たとえ言いにくくても、必要ないものは「必要ないと思います」とはっきり言えるように。クライアント以上に、クライアントのためを思い、相手が気づいていないところまでケアできるように。そういう一つひとつの心配りから生まれる行動の積み重ねが、結果的に長く続く関係につながっていってくれたらいいなと思っています。

5. これからのチャレンジに向けて、彼らが見すえる未来

最後に、これからどんな仕事にチャレンジしていきたいか教えてください!

片山:私はまだ入社してから歴が浅いので、まだまだ勉強しなきゃいけないことが山積みだなと感じています。DCDには独自のデザインメソッドやスキームがたくさんあるので、どんどん吸収していきたいです。

現状は規格のある制作物のディレクションに携わることが多いですが、これからは冊子全体の台割り構成をつくったり、そこから個別のページデザインを作成するような仕事にもチャレンジしていきたいなと思っています。

山田:私も片山さんと同じく入社して間もないので、今は「これ!」と決めるよりも、社内でいろいろな経験をして、幅を広げるフェーズかなと捉えています。

なので、やりやすさや好みで選ぶ道を狭めず、どんなジャンルの仕事でも積極的に取り組み、これからの糧にしていきたいなと。

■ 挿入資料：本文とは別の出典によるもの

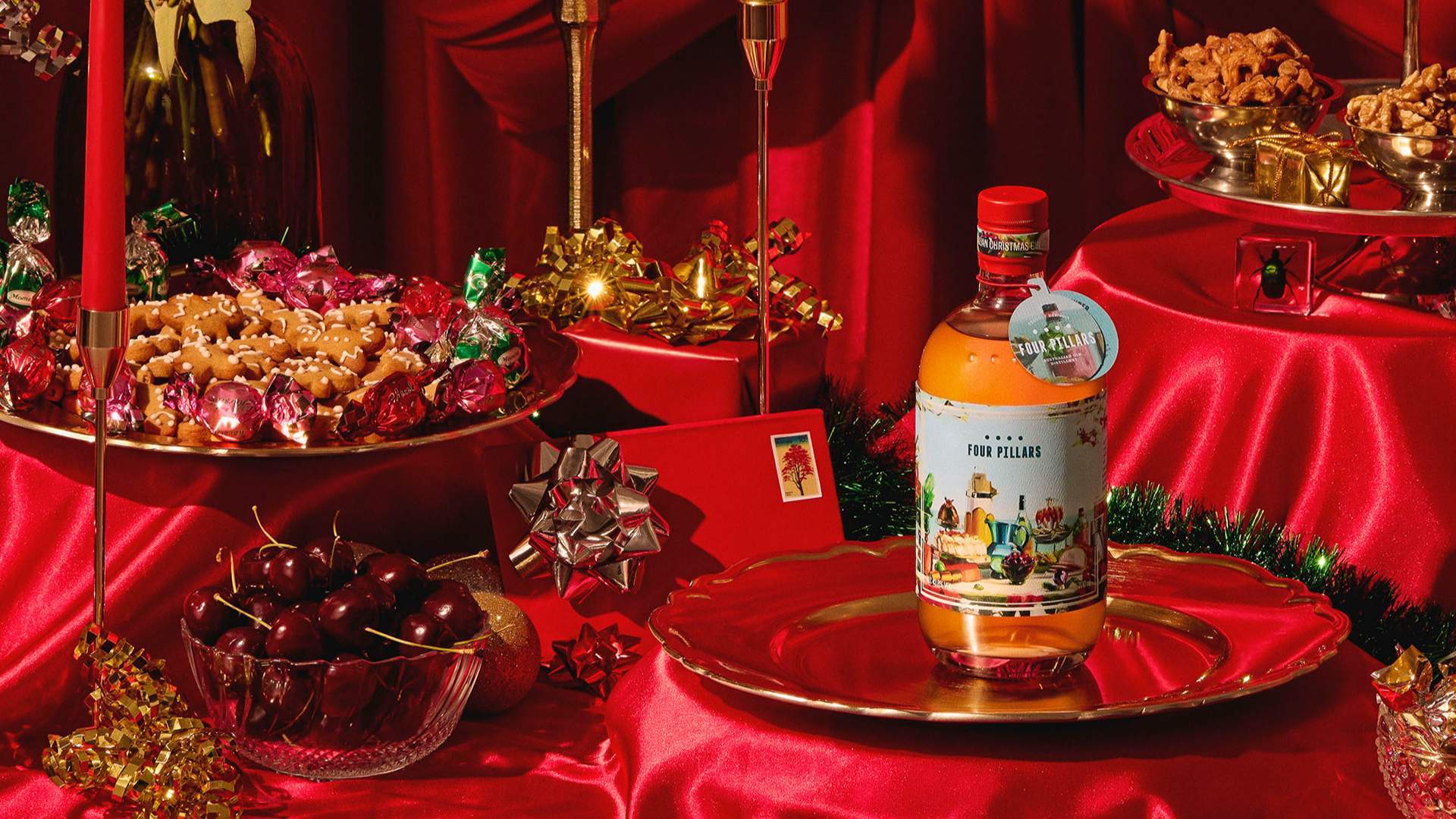 Four Pillars Is Bringing Back Its Pudding-Like Australian Christmas Gin, Perfect for Gifting or Sipping on the Big Day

数年後に大きくチャレンジするため、もっと上流のビジネスに踏み込んでいくための地力を、しっかりと養っていきます!

常廣:マンガやアニメなど、他社コンテンツとコラボレーションを仕掛けるような案件をやってみたいですね。日本のコンテンツは国際的にも支持が強く、最近はあまり聞かなくなってしまいましたが「クールジャパン」の文脈でまだまだ勝負できる可能性は大いにあるはずだと感じています。

大井:コンテンツとのコラボ、すてきですね。私は、企業のブランドサイト制作をやってみたいです。そこから、単純な購買促進にとどまらない、ブランドコミュニケーションの根幹を形成するような案件にも関わって、よりよいコーポレートブランディングに寄与する再現可能な技術や思考フレームを習得したいです。

座談会の様子

将来的には、企業やブランドの未来そのもののデザインをサポートするような仕事ができるようになりたいですね。それは、DCDだからこそ実現できることだと感じています。

  • 注釈2024年8月時点の情報です。